IATI Identifiers should not be allowed to contain special characters

(Siem Vaessen) #21

From the IATI network perspective yes and no. I understand IATI does not have jurisdiction over their business rules, but I guess leaving this as is will continue to cause issues down the line.

What if IATI -from data quality perspective- picks this up according to tbd upon convention / conversion we can all agree to? As in your option 1 @bill_anderson What would you propose?

(Bill Anderson) #22

If the consensus is Option 1 I would:

  1. Agree Regex rules
  2. Schema (3.01):Add Regex validation to all fields containing org and activity identifiers
  3. Guideline (2.03): Publishers should follow Regex rules
  4. Action: Add Regex rule and guidance to identify-org.net (@TimDavies ok?)
  5. Guideline (2.03): Publishers whose in-house business model involves use of invalid characters should provide a note (in the registry metadata?) on how users may be able to derive the original project id.

(Wendy Rogers) #23

Just to add that re 5) in @bill_anderson post above, publishers can also use the other-identifier element to cross ref the activity to their own internal project identifier.

(Bill Anderson) #24

Good shout. So 5 should in fact be:

5 . Publishers whose in-house business model involves use of invalid characters should record the original identifier in the other-identifier element with @type="A1"

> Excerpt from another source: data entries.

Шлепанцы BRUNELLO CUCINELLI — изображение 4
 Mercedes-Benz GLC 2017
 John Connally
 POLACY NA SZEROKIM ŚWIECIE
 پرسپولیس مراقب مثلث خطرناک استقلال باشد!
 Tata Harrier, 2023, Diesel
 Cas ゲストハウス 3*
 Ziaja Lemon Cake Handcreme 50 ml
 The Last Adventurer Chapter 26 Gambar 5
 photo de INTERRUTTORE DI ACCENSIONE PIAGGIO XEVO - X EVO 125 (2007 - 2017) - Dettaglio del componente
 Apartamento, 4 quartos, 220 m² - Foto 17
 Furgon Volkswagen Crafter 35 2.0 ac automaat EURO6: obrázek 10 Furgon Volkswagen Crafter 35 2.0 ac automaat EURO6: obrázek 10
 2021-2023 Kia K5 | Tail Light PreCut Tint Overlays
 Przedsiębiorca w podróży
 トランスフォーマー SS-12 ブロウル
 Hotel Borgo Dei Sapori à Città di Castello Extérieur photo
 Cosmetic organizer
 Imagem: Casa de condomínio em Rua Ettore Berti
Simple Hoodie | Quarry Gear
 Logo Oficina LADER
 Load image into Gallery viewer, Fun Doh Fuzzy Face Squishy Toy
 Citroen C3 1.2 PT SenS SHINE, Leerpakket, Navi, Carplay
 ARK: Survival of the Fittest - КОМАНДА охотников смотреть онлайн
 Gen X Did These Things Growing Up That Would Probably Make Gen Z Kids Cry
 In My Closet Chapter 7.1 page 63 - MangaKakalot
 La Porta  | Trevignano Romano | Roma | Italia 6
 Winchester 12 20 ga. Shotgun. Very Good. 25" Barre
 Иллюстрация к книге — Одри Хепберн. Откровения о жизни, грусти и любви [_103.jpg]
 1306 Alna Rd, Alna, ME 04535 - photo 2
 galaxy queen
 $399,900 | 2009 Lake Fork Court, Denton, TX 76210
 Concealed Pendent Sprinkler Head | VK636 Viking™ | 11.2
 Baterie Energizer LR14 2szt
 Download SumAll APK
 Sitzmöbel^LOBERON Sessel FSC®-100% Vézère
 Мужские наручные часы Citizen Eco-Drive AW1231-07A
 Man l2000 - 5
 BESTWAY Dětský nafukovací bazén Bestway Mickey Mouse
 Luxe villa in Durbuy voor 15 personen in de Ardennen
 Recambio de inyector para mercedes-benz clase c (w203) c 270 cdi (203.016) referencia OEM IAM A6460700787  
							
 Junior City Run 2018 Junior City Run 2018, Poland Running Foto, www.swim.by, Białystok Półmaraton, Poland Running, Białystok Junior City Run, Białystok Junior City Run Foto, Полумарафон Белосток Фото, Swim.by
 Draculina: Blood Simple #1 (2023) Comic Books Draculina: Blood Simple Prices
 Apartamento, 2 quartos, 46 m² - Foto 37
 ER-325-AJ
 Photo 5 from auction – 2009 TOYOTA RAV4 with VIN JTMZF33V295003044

Question: Is this a should or a must?

(Herman van Loon) #25

IATI isn’t a green field anymore. Since changing existing IATI identifiers will break references to organizations and activities of other publishers, I strongly oppose to this change. This change may have a huge impact on existing IATI data users.

As a rule you never change existing business identifiers. I can only think of two exceptions in this case:
1 - An IATI identifier has not been used by any other publisher: so it is safe to change the identifier or
2 - the proposed change is only applied to NEW IATI identifiers. The exiting identifiers are left unchanged.

To estimate to impact of this change it would be nice to have some metrics on the use of IATI identifiers with invalid characters.

(r_clements) #26

In the specific case I was talking about the ID on IATI was actually a compound ID based on data from their internal system and as they were using CSV2IATI to generate their data, so the ID actually didn’t exist in the IATI form on thier system.

They hadn’t realised what they were doing would cause a problem and were happy to change it when they did, so I think that there might be some naivety in the publishing community as to the issues that are being caused by IDs with non url compliant characters.

@bill_anderson - The only addition I would make to your list is that we identify organisations that are currently publishing IDs that have non complaint urls and, if possible, give them a nudge to change the impacted ID(s) to something that’s compliant with urls.

(Mark Brough) #27

Strongly agree with @Herman, @bill_anderson and others on option 2. Proper URL encoding much simpler than getting all publishers to replace characters from their project IDs. Slashes in project IDs sometimes have real meaning, and getting all organisations to implement manually RFC 3986 rather than have libraries that do the same job seems like a recipe for disaster to me.

For example, if the project ID is 2017/123-456, should both the publisher and the implementing partner be told that they need to remember to ignore the slash and turn it into some other character? Clearly that won’t always happen, so tools will always need to handle these characters, so why make people go to any effort? Even the conversation about what to do is complicated and going to add a lot of overhead.

I think we need a clearer explanation of why percent-encoding URL inputs is insufficient before undertaking what would be quite a disruptive step.

(Bill Anderson) #28

I think the point that comes out of this is that data usage is - or should be - , primarily, content-related. Finding the path of least resistance might produce a ‘better’ technical solution that appears to improve data quality (fewer errors), but does it achieve this at the expense of the meaning of the data?